▶ [Directions for this task] Write out every line below again exactly as it stands, skipping each image.

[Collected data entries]
┄┄┄┄┄┄┄┄┄┄

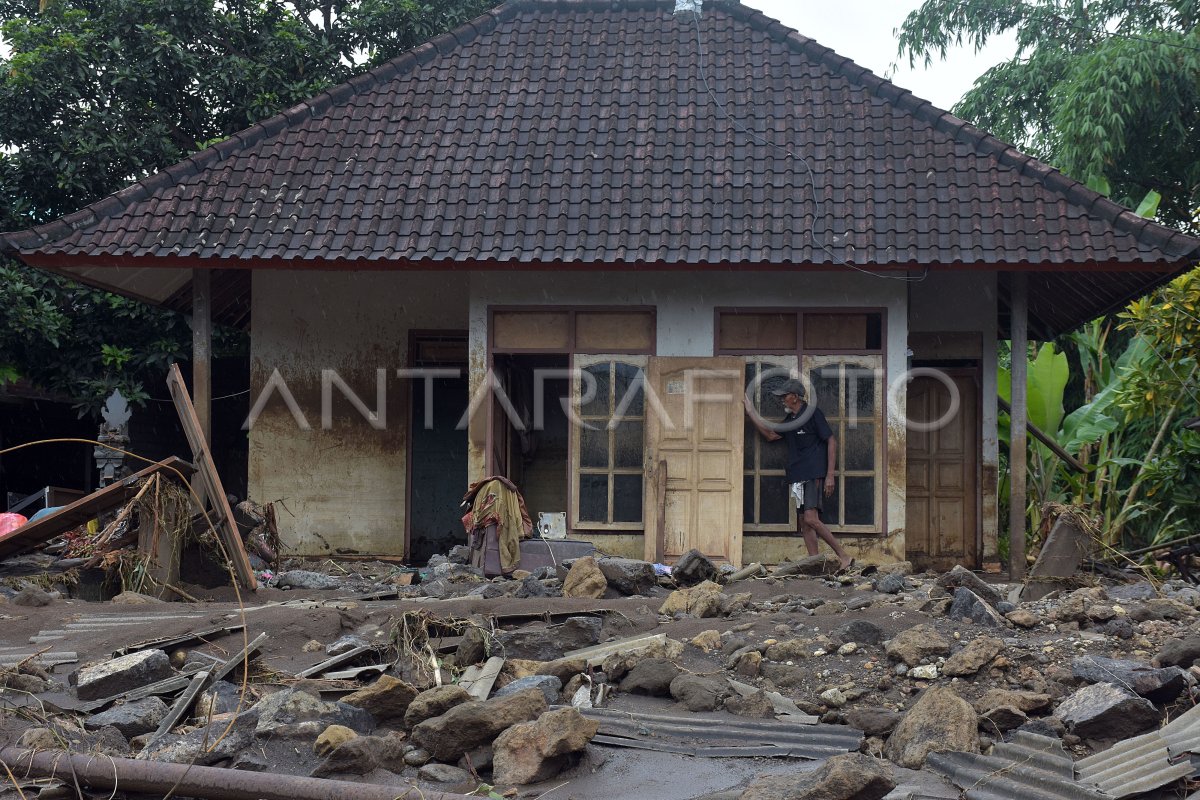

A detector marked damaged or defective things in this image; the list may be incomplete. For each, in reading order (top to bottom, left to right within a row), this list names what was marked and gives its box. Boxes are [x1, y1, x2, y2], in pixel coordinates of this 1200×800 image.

broken wooden board [0, 455, 192, 563]
broken wooden board [166, 367, 255, 592]
broken wooden board [1017, 513, 1094, 599]
broken wooden board [453, 657, 501, 700]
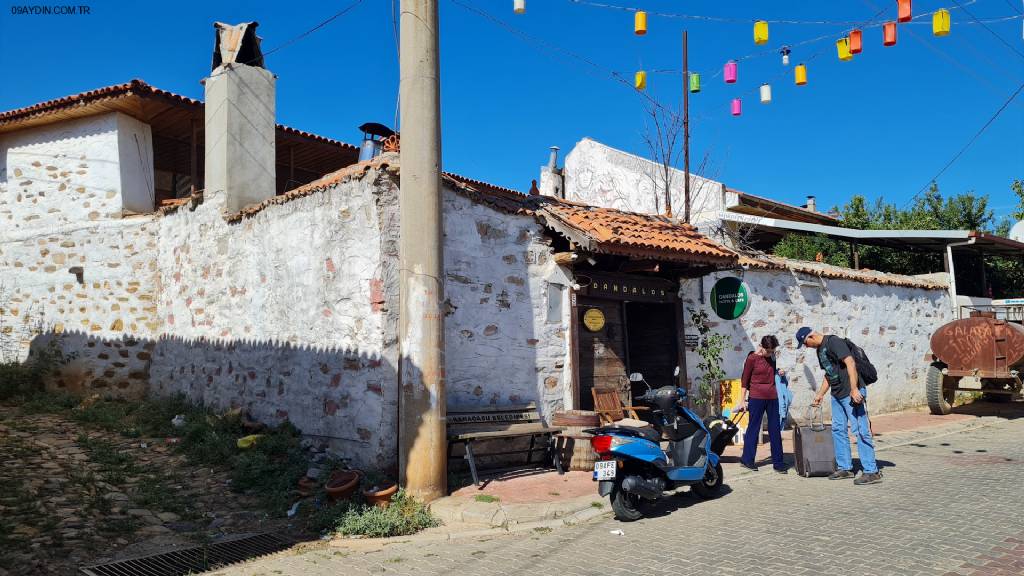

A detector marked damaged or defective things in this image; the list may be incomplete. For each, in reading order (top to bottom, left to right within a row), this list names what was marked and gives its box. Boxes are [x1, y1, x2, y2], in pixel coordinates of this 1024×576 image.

rusty tanker trailer [929, 313, 1024, 412]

┄┄┄┄┄┄┄┄┄┄

▶ [Completed exercise]
A detector marked damaged or defective things in this image; the list may be incomplete. For each, in reading order (top to bottom, left to right within a row), this list names what was marked and gives its box. Boxes are [x1, y1, x2, y2], in pixel coordinates of this 1200×800 image.

broken wooden board [0, 455, 192, 563]
broken wooden board [166, 367, 255, 592]
broken wooden board [1017, 513, 1094, 599]
broken wooden board [453, 657, 501, 700]

A detector marked damaged or defective things in this image; the list may be incomplete. For each, in reading order (top to bottom, left to right within a row), this list names what was marked and gives its box. Boxes are [x1, y1, x2, y2], in pixel coordinates of this 1024×576 image.

rusty tanker trailer [929, 313, 1024, 412]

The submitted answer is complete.